# Pine oils



## Munchii (Mar 22, 2011)

Hi. Im new to this excellent forum so please excuse me if i have placed this in the wrong section 
I am thinking of adopting a chihuahua, and while I was browsing through this forum, I noticed that somewhere it stated pine oils were dangerous. 
I have two guinea pigs in an enclosed indoor cage, and they live on kiln dried pine woodshavings. 
They do occasionly kick some shavings out, but i have my handheld hoover, which i use around their cage daily. 
My question is, would the pine shavings in the cage hurt a chihuahua?  
If i did get a chihuahua it would obviously not be able to get in the cage. 
Another question is, would a chihuahua eat hay? I give the guinea pigs hay and it is placed in a hayrack, but would a chi be able to reach up and get it? :/ If so would it hurt a chi?
Thank you in advance  x


----------



## Yoshismom (Jul 6, 2005)

Hi and welcome to the board!

I am not sure how to answer your question. I know there are certain things that even the small animals are not supposed to use as bedding and cedar shavings are dangerous for all of them but I am not sure about what you are using and how it would affect a Chi?

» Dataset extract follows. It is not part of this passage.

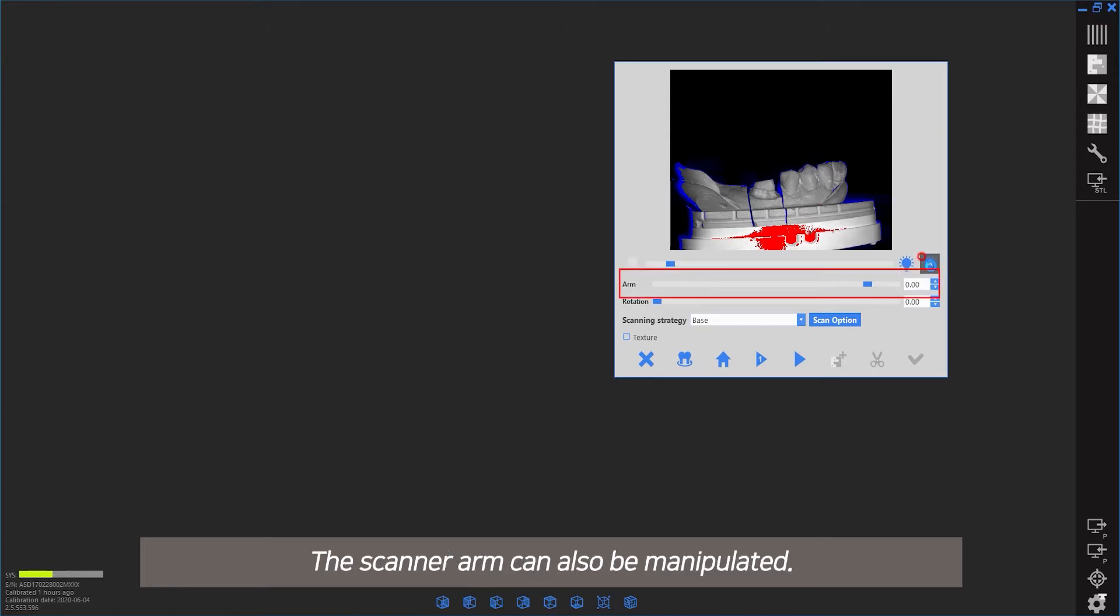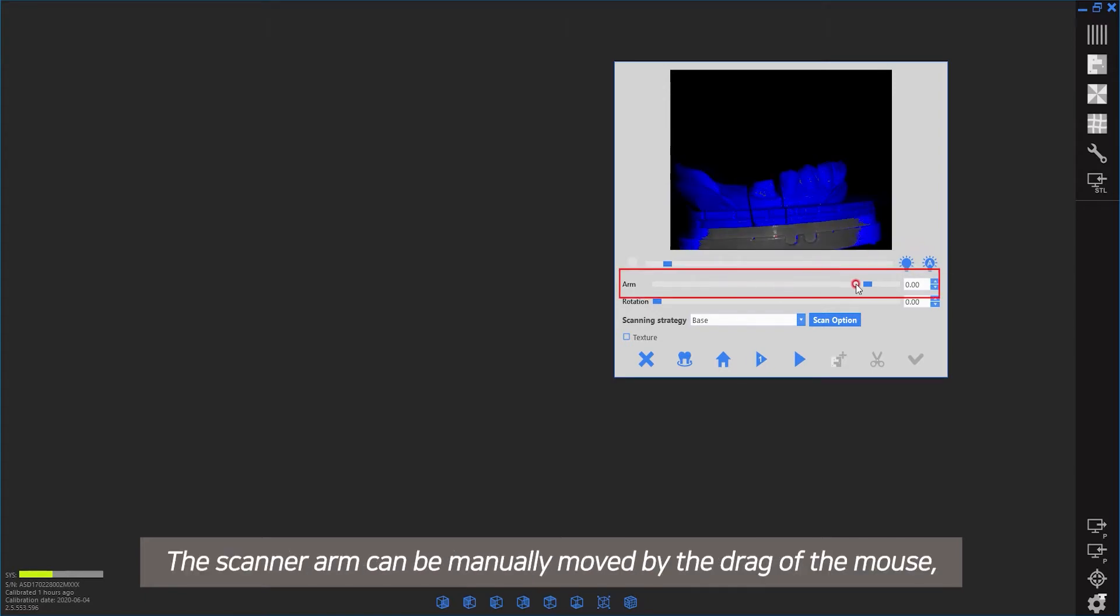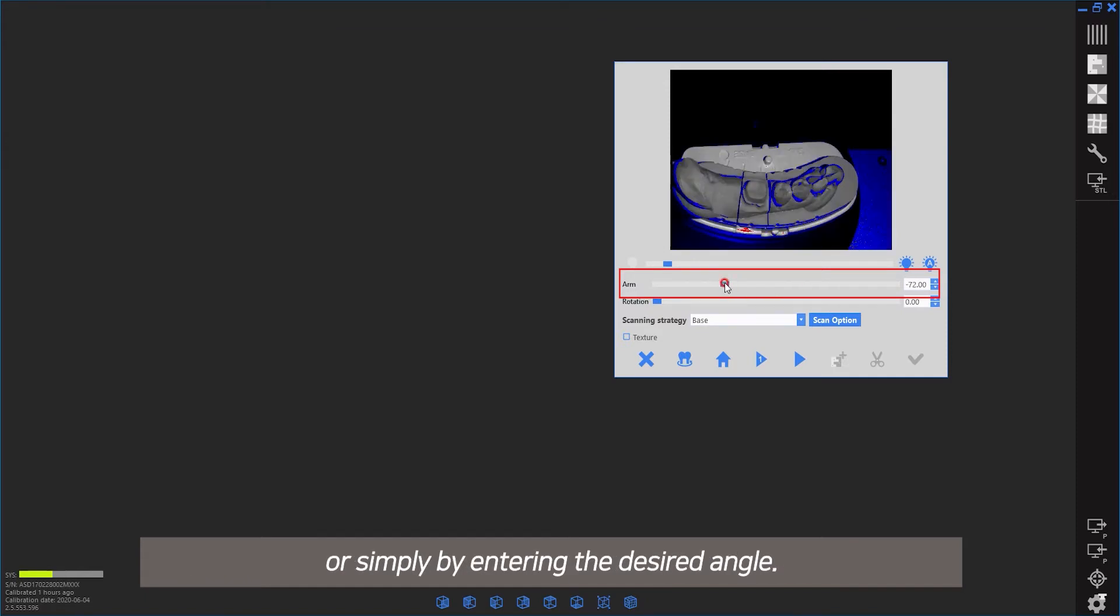The scanner arm can also be manipulated. It can be manually moved by dragging the mouse or simply by entering the desired angle.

Hopefully someone will chime in soon that can help


----------



## Munchii (Mar 22, 2011)

Thanks for your welcome Yoshismom 
I know that kiln dried pine shavings are fine for small animals. I would of thought that it wouldnt hurt a chi, as it doesnt hurt my baby piggies (6 months old) and they are much smaller than a chihuahua. 
I just want to be sure before adopting a chi


----------



## widogmom (Mar 23, 2011)

Pine shavings are actually less than optimal for dog bedding (especially cedar shavings) as the volatile oils can cause respiratory distress. Herbivores seem to do fine with them; my rodents and horses never had any trouble. I'd doubt that you'd have any issues, unless you were actually bedding your puppy on the shavings. The concern would be more along the lines of ingestion; say, if your cavvy kicked the shavings out onto the floor and the puppy got into them (less of an issue if you use an aquarium rather than a cage, but that causes other issues, too). Good luck with the pup and good job thinking ahead!


----------